Die Zeichnungen und Radierungen von 1991 sind nichts für den Konsum im Sauseschritt, kein Fast Food. Der Betrachter muss sich auf sie und ihre Botschaften einlassen. Zygmunt Januszewski, auch ein Meister des Wortes, wie Museumsleiterin Petra Kamburg bestätigt, nimmt sich des Themas nicht heldenhaft hochtrabend an, sondern hat ein Herz auch für die kleinen, für unfreiwillige Helden. Was Aphorismen sprachlich gegen den Strich bürsten, peilt er auch mit seinen Werken an.

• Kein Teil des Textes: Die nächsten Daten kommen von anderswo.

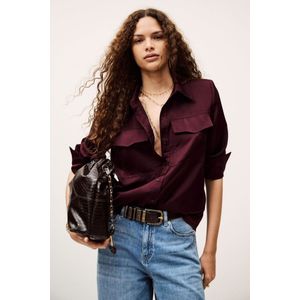 BA&SHvoor vrouwen. 1H25CANO Canoli kastanjebruin overhemd (34), Casual, Granaatappel, Polyester, Lange mouwen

Schon als Kind konnte er „keine leeren Seiten in Büchern“ ertragen. Kritzelte sie voll, füllte sie mit „den schnellsten Raketen der Welt, den stärksten Panzern“. Die Eltern ließen ihn gewähren. „Ich hab’ Glück gehabt“, sagt er. Sie auch mit ihm. Schließlich führte ihn seine Kunst an die Akademie der Schönen Künste in Warschau. Kunst und Kultur sind für ihn ein wichtiges Element, heldenhaft hochzuhalten auch in Zeiten klammer Kassen. Die Bedeutung legt er auch seinen Studenten ans Herz, dass „nicht alles monetär“ sein darf, wenn Geist und Seele nicht bei Wasser und Brot gehalten werden sollen wie dereinst Kaspar Hauser. Der Betrachter soll beim Anblick seiner Werke „zu sich selbst finden“.